▸ INPUT MATERIAL:
#####
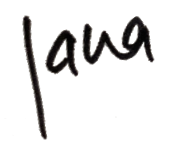 Unterschrift Jana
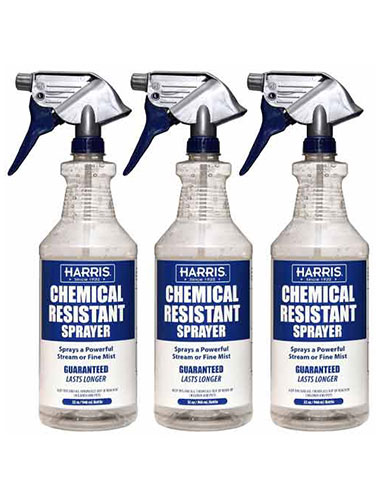  HARRIS Chemically Resistant Professional Empty Spray Bottles,  32oz (3-Pack), for Cleaning Solutions and Water : Harris: Industrial &  Scientific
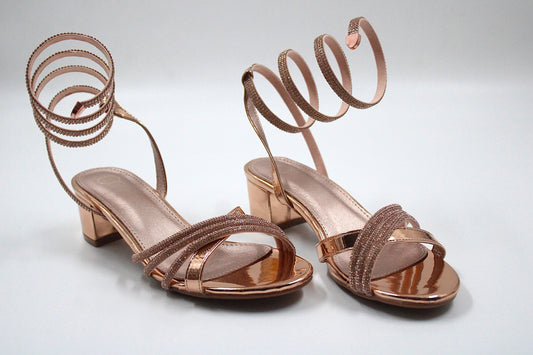 Girls rosegold party heel by Ket kids
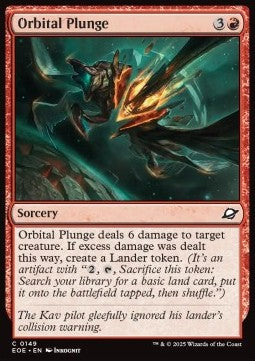 Orbital Plunge⁣ - Edge of Eternities⁣ (Common)⁣ [149]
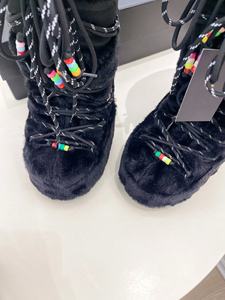 Botas cálidas e impermeables con forro de felpa para esquiar, botines de mujer para otoño-invierno 2026, diseño grueso y cálido - Product Image 3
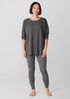 Striped Cozy Brushed Terry Long Box-Top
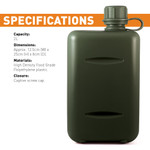  2L South African Style Water Bottle - Olive
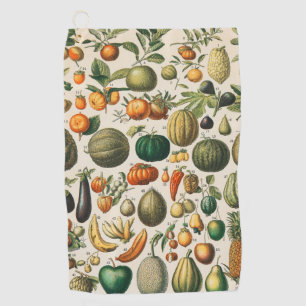 Toalla De Golf Ilustracion científico botánico de frutas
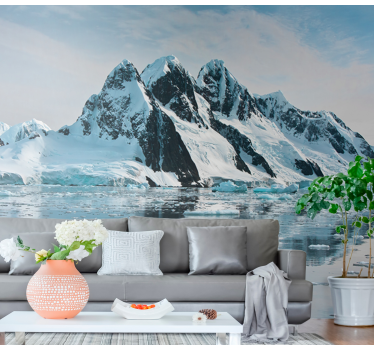 3D hidden ice berg mural wallpaper - TenStickers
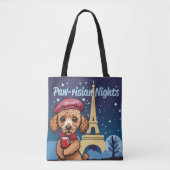 Zeitlose Nächte! Niedliche Poodle-Tasche Tasche (Vorderseite)
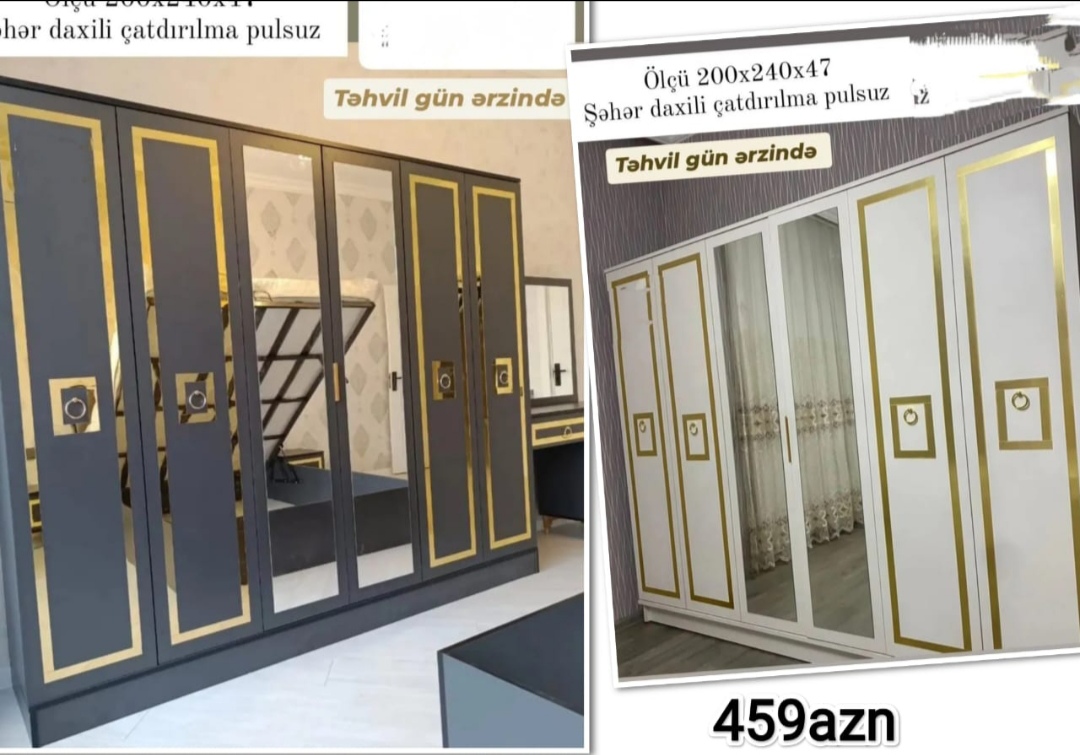 6Qapili dolab Sifarişlə hazırlanır Rəng seçimi var Ölçü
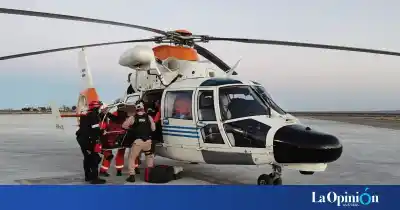 Un dolor en el pecho activó un operativo de rescate aéreo en alta mar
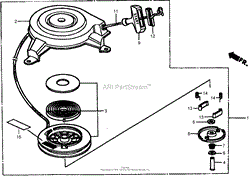 RECOIL STARTER ASSEMBLY HONDA GXV160K1-A1T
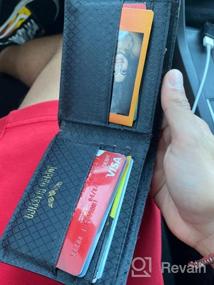 img 6 attached to 💼 Premium Carbon Fiber Leather Wallet: Durable and Stylish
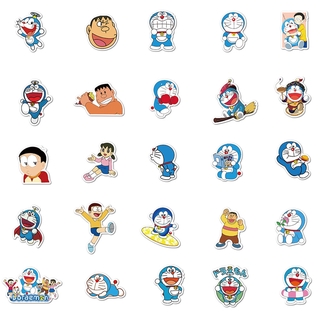 Bộ 50 Miếng Dán Hình Doraemon Đáng Yêu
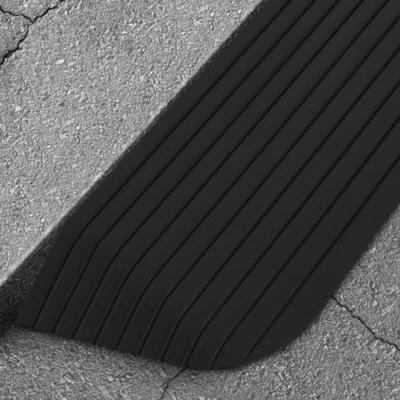 VidaXL Drempelhulpen 2 st 110x32x3,8 cm rubber VidaXL Drempelhulpen 2 st 110x32x3,8 cm rubber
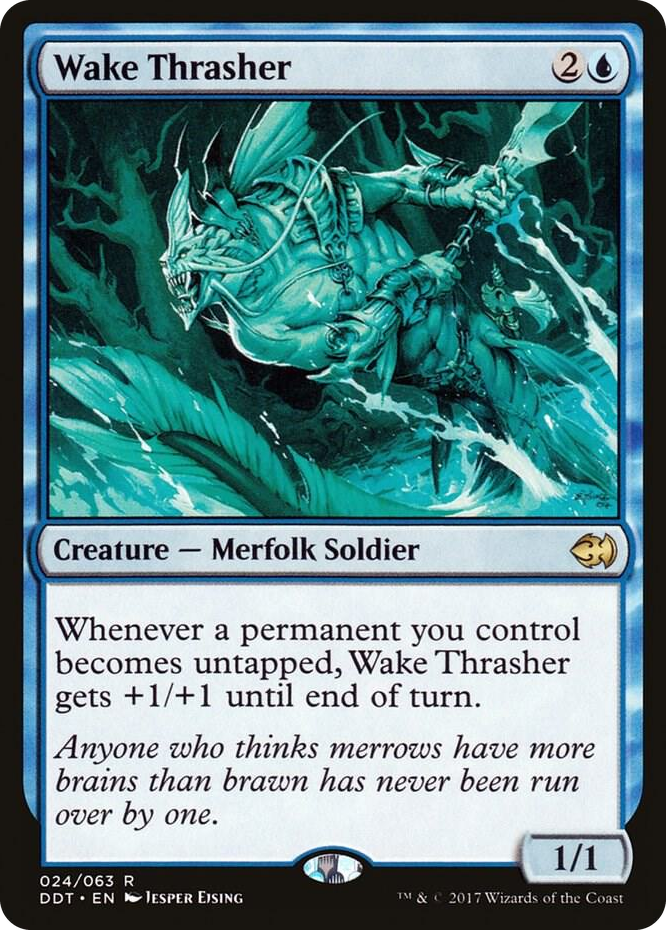 0024 Wake Thrasher R Duel Decks: Merfolk vs. Goblins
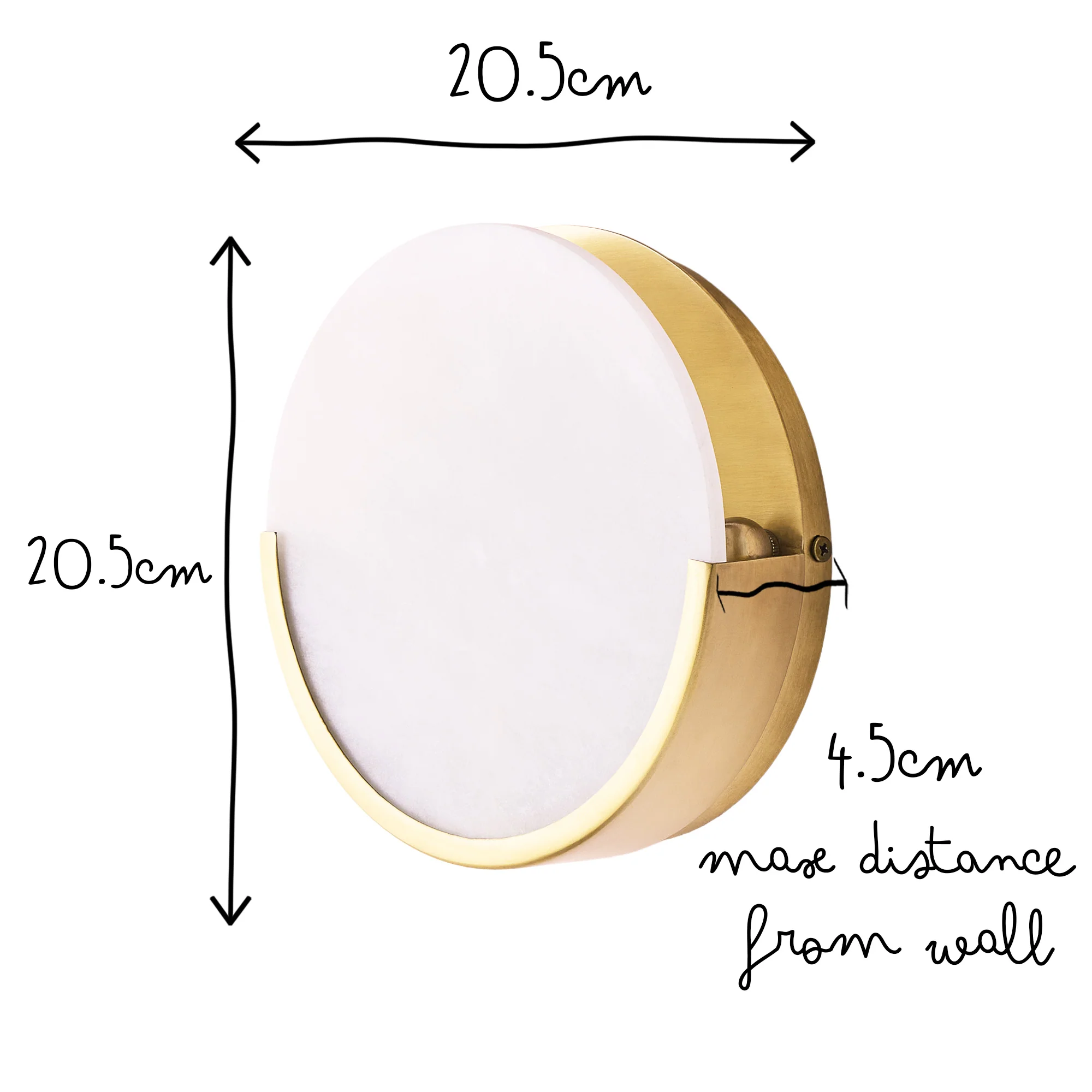 Plato wall light in alabaster and brass - Image 11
#####
▸ ACTION ITEM:
From the line containing "Un dolor en" to the last line of the records, inclusive, output the lines exactly as written and nothing else; leave out the pictures.

▸ ANSWER SECTION:
 Un dolor en el pecho activó un operativo de rescate aéreo en alta mar
 RECOIL STARTER ASSEMBLY HONDA GXV160K1-A1T
 img 6 attached to 💼 Premium Carbon Fiber Leather Wallet: Durable and Stylish
 Bộ 50 Miếng Dán Hình Doraemon Đáng Yêu
 VidaXL Drempelhulpen 2 st 110x32x3,8 cm rubber VidaXL Drempelhulpen 2 st 110x32x3,8 cm rubber
 0024 Wake Thrasher R Duel Decks: Merfolk vs. Goblins
 Plato wall light in alabaster and brass - Image 11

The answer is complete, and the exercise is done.